Warren Buffet, one of the greatest investors of the world, the Chairman and CEO of Berkshire Hathaway, in his annual letter to the shareholders, presents investment insights, which are eagerly awaited by investors all over the globe. The annual letter to Berkshire Hathaway’s shareholders 2016, was recently released. It encompasses Berkshire’s performance, it’s operating units, the American economy and the most looked forward to, pearls of wisdom from the investment guru. Out of the 28 pager annual letter, we have brought to you the key elements, which are particularly relevant in the Indian Investing context:
He says
“We’ve experienced both outcomes: As is the case in marriage, business acquisitions often deliver surprises after the “I do’s.” I’ve made some dumb purchases, paying far too much for the economic goodwill of companies we acquired. That later led to goodwill write-offs and to consequent reductions in Berkshire’s book value.”
Our view
When you buy stocks of companies, you pay for its fundamentals, it’s past performance, it’s future outlook, and for its brand value or Goodwill. The goodwill increases the PE multiple of the stock, which means you are paying a higher price for a given level of earnings. Purchasing a stock at a higher PE is not wrong as it may be high because it has good growth prospects, but it may be inflated because of higher goodwill. Hence you must be very cautious as this goodwill may fade away with time, bringing down the value of the stock. So, when you take a decision, don’t just look at the name, rather focus on the fundamentals and the future prospects of the stock.
He says
Charlie Munger, Berkshire’s Vice Chairman and my partner, and I expect Berkshire’s
normalized earning power per share to increase every year. Actual earnings, of course, will sometimes decline because of periodic weakness in the U.S. economy. In addition, insurance mega-catastrophes or other industry-specific events may occasionally reduce earnings at Berkshire, even when most American businesses are doing well.
Our View
Be positive and have conviction in your investment. Your investment might sway due to periodic macro economic factors like the economics of the country or turbulence in the industry, but in the long term you’ll have a positive average annual growth rate.
He says
Charlie and I have no magic plan to add earnings except to dream big and to be prepared mentally and financially to act fast when opportunities present themselves. Every decade or so, dark clouds will fill the economic skies, and they will briefly rain gold. When downpours of that sort occur, it’s imperative that we rush outdoors carrying washtubs, not teaspoons. And that we will do.
Our view
Buy Low and Sell High is the simple formula for profiting. But the tendency of the investors is the other way round. They invest when the markets are bullish and panic and sell when the markets start falling. So, eventually they are buying high and selling low = Loss. Wise are those who see a fall in the markets as an opportunity, you get to invest in good companies at lower prices. Investors should invest in market downturn because when the market starts accelerating, and your investment takes the upturn, your gains would be soaring.
He says
You need not be an economist to understand how well our system has worked. Just look around you.

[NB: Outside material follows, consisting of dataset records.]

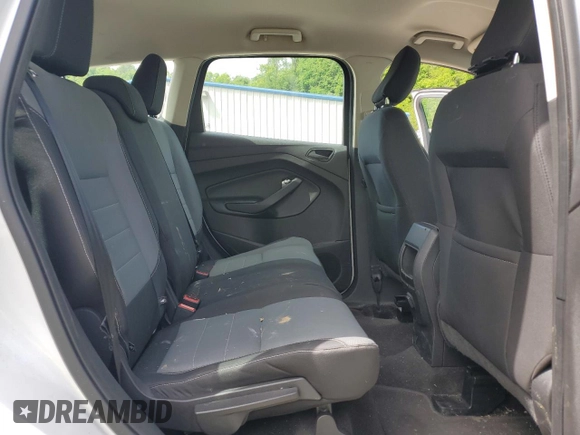 2018 Ford Escape S with VIN 1FMCU0F79JUB26918, listed as a Copart auction lot 56510775 with 184,176 mi miles and Salvage title. Bid and sale history available at DreamBid. Image 11.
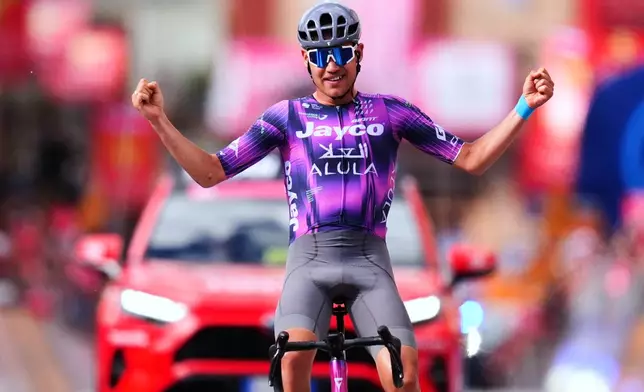 Australian rider Luke Plapp celebrates as he cycles to the finish line to win during the stage 8 of the Giro d'Italia from Giulianova to Castelraimondo, Italy, Saturday, May 17, 2025. (Massimo Paolone/LaPresse via AP)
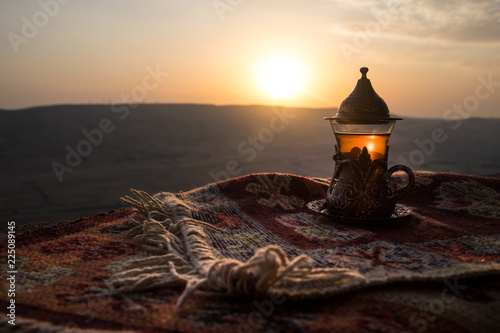 Arabska herbata w szkle na wschodnim dywanie. Koncepcja wschodniej herbaty. Puchar tradycyjny Armudu. Zachód słońca w tle. Selektywne ustawianie ostrości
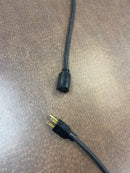 Detail of the connection ends on the Jameson shop light, showing the power input and output ports for stringing multiple units.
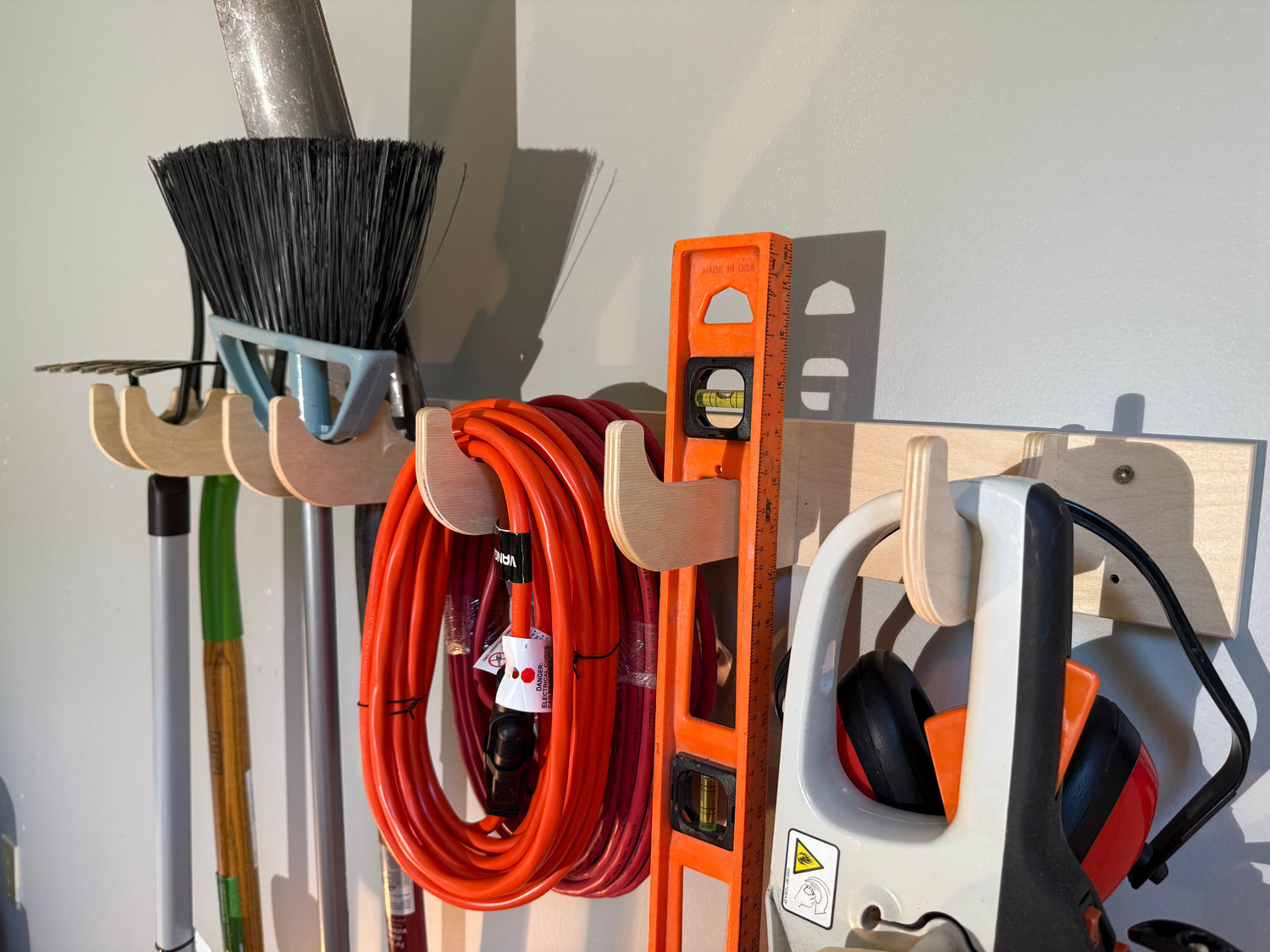 Garage Organization device for shovels and rakes in Garage spaces. Yard tool rack for garage.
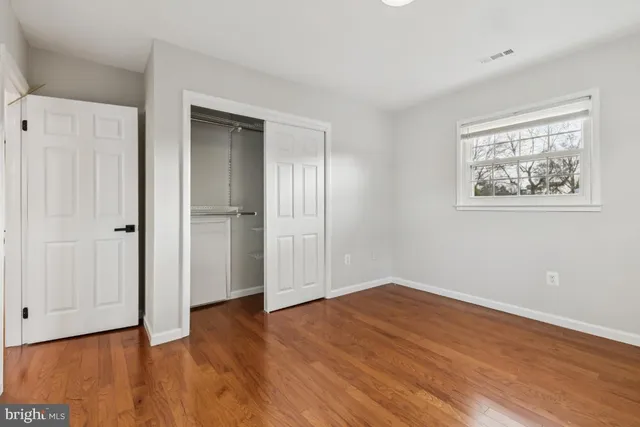 a view of an empty room with wooden floor and closet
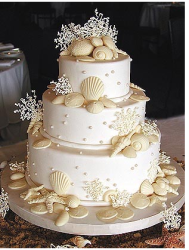 Wedding cake with white chocolae seashell cake topper.PNG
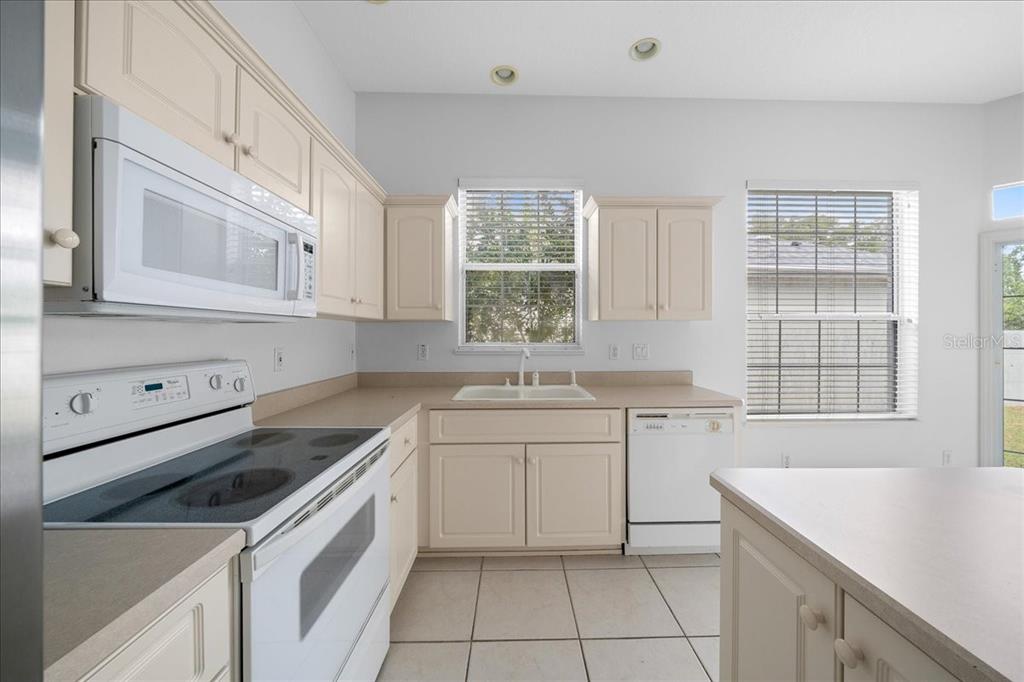 3003 Southwest 41st Place Ocala, FL 34474 - Photo 27 of 65 a kitchen that has a sink and a stove in it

See the 75 million owner-occupied homes, the bountiful farmland, the 260 million vehicles, the hyper-productive factories, the great medical centers, the talent-filled universities, you name it – they all represent a net gain for Americans from the barren lands, primitive structures and meager output of 1776. Starting from scratch, America has amassed wealth totaling $90 trillion.
Our view
Believe in your country. India is the fastest growing economy in the world. Just look around, see the tall buildings, the flyovers, the new cars on the roads, the airplanes flying in the Indian sky, look at your own house, how you grew from a 2bhk to a 3bhk, from a Bajaj Super to a Swift Dzire. We are growing each day, it is an opportunity that we are living in a growing country, so it makes sense to invest when the graph is moving upwards, help the country grow further and relish the rewards from its advancement.
He says
Moreover, the years ahead will occasionally deliver major market declines – even panics –
that will affect virtually all stocks. No one can tell you when these traumas will occur – not me, not Charlie, not economists, not the media.………. During such scary periods, you should never forget two things: First, widespread fear is your friend as an investor, because it serves up bargain purchases. Second, personal fear is your enemy. It will also be unwarranted. Investors who avoid high and unnecessary costs and simply sit for an extended period with a collection of large, conservatively-financed American businesses will almost certainly do well.
Our View
The markets have historically declined and risen again, and the only certainty is they will fall again and rise again. But no one can tell you when. The news analysts will advise you to sell your stocks during a slump, there will be panic. During such times, be calm. When there is panic around, consider it as an opportunity. When others sell, you get to buy at cheaper prices, and you’ll be the one benefiting amid all the tension. If you panic, you’ll be essentially contributing to your loss and an intelligent investor’s gain.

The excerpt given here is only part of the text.